Real nie odpowie na zarzuty Laporty. Wybrał milczenie

Prezydent FC Barcelony, Joan Laporta, wygłosił ostry komentarz w stronę Realu Madryt podczas obszernego wywiadu dla RAC1, oskarżając rywala o ingerencję w śledztwo dotyczące skandalu Negreira, a także odniósł się do działań klubowej telewizji ligowego rywala.

Florentino Perez
Obserwuj nas w
IMAGO / CordonPress Na zdjęciu: Florentino Perez
  • Laporta oskarża Real Madryt o cynizm
  • Real skupia się na sprawach sportowych
  • Królewscy nie zamierzają odpowiadać

Real skupia się na sportowej rywalizacji

Laporta zarzucił Realowi Madryt, że działania klubu doprowadziły do przedłużenia śledztwa w sprawie skandalu Negreira, mimo braku dowodów na jakiekolwiek wykroczenia. Stwierdził też, że klubowa telewizja Realu, kierowana przez Florentino Pereza, prowadzi fałszywą narrację, a jej filmy atakują sędziów, którzy prowadzili mecze Królewskich. – To, co robi telewizja Realu, to hańba – przyznał Laporta.

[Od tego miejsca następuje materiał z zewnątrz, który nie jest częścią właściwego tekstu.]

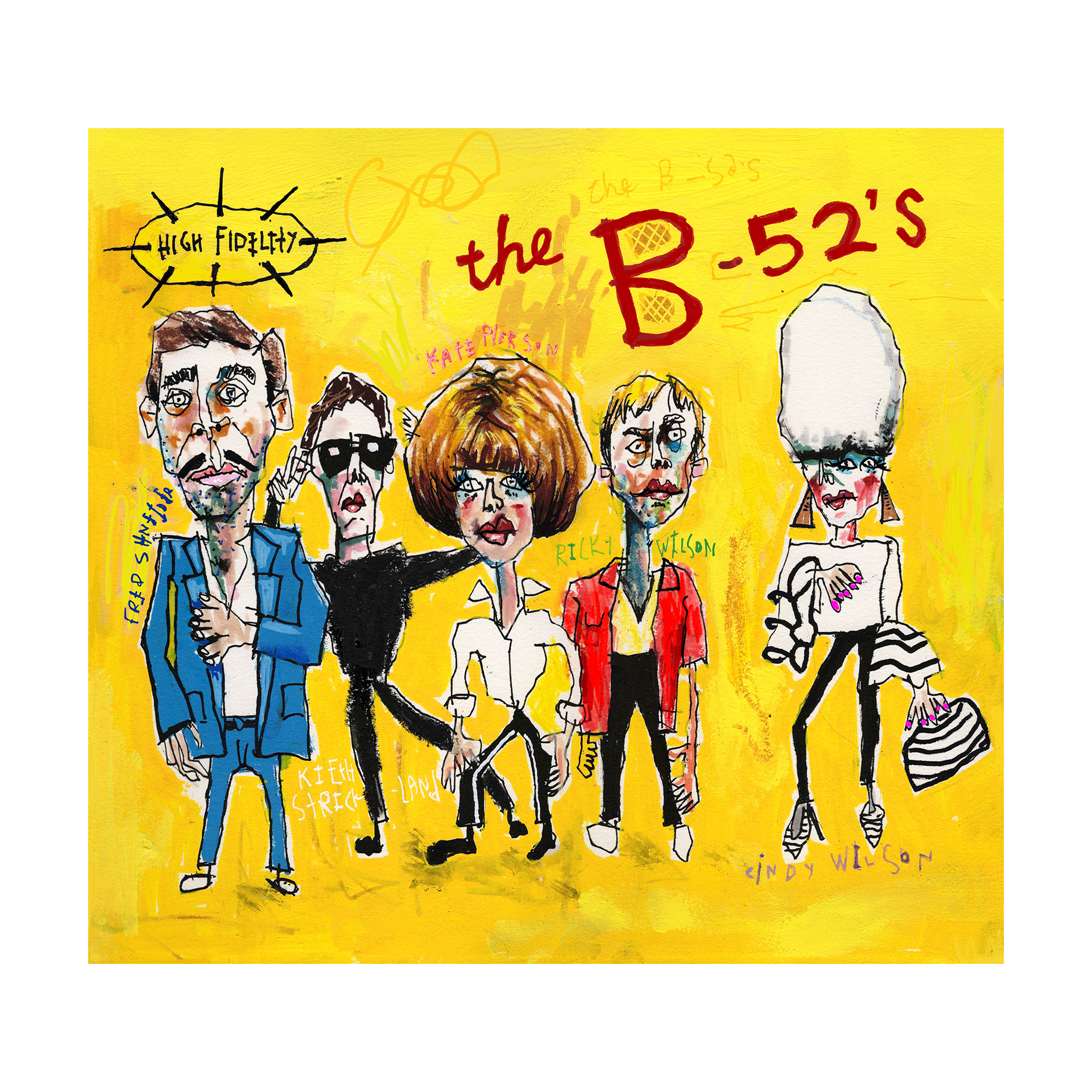 B-52s 12" x 11"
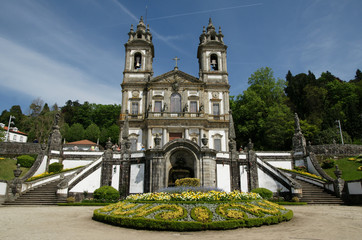 Bom Jesus do Monte Church - stairs - outside of Braga, Portugal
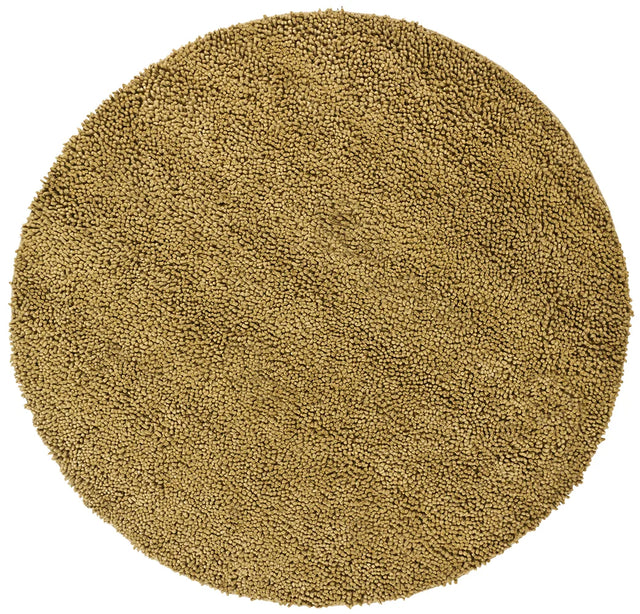 Chandra Strata STR-1109 Gold round rug, flat view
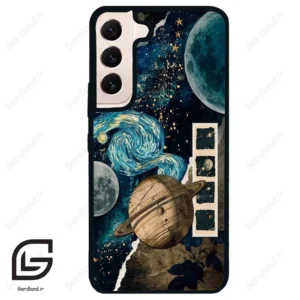قاب گوشی سامسونگ اس 22 نرمال (Galaxy S22 5G ) طرح کهکشان کد 2401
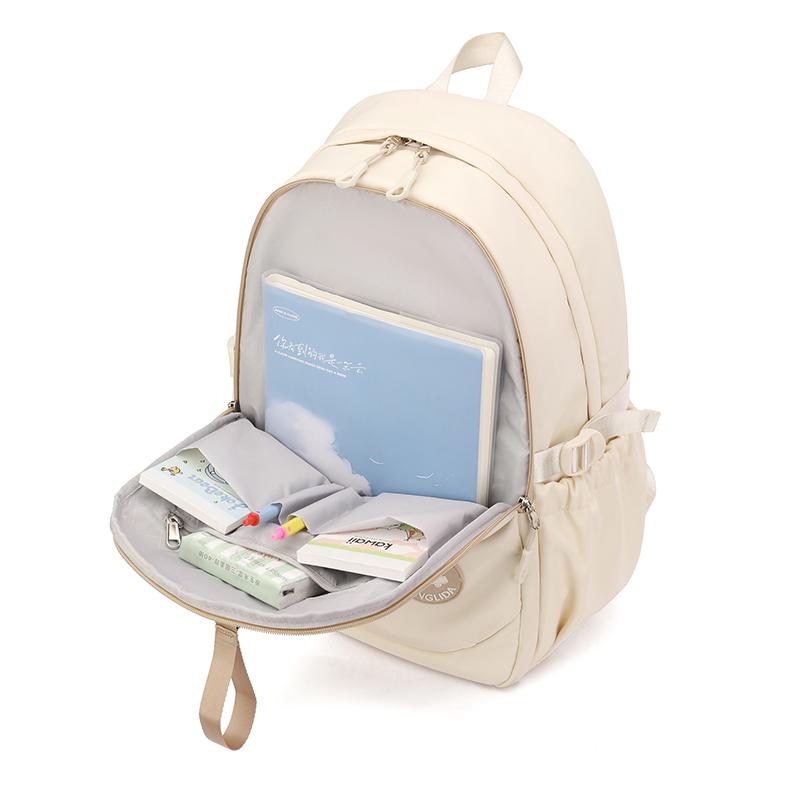 2026 New Burden Reducing Girl's Backpack Large Capacity Lightweight Waterproof Nylon School Bags Multi-layer Thickened Shoulder Strap Student Ruckpack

Pomimo prowokacji ze strony Laporty, Real Madryt nie ma zamiaru wydawać formalnej odpowiedzi na oskarżenia i uwagi prezesa Barcelony, jak donosi dziennikarz Melchor Ruiz z COPE. Na chwilę obecną, Real skupia się wyłącznie na kwestiach sportowych, znajdując się na kluczowym etapie sezonu.

Królewscy, którzy obecnie zajmują pierwsze miejsce w tabeli La Liga po zwycięstwie 2:0 nad Getafe, mają przed sobą ważne mecze z Atletico Madryt i Gironą. Klub ze stolicy Hiszpanii nie chce żadnych rozpraszających kontrowersji i nie zamierza wdawać się w wymianę zdań z Laportą, reagując na jego komentarze.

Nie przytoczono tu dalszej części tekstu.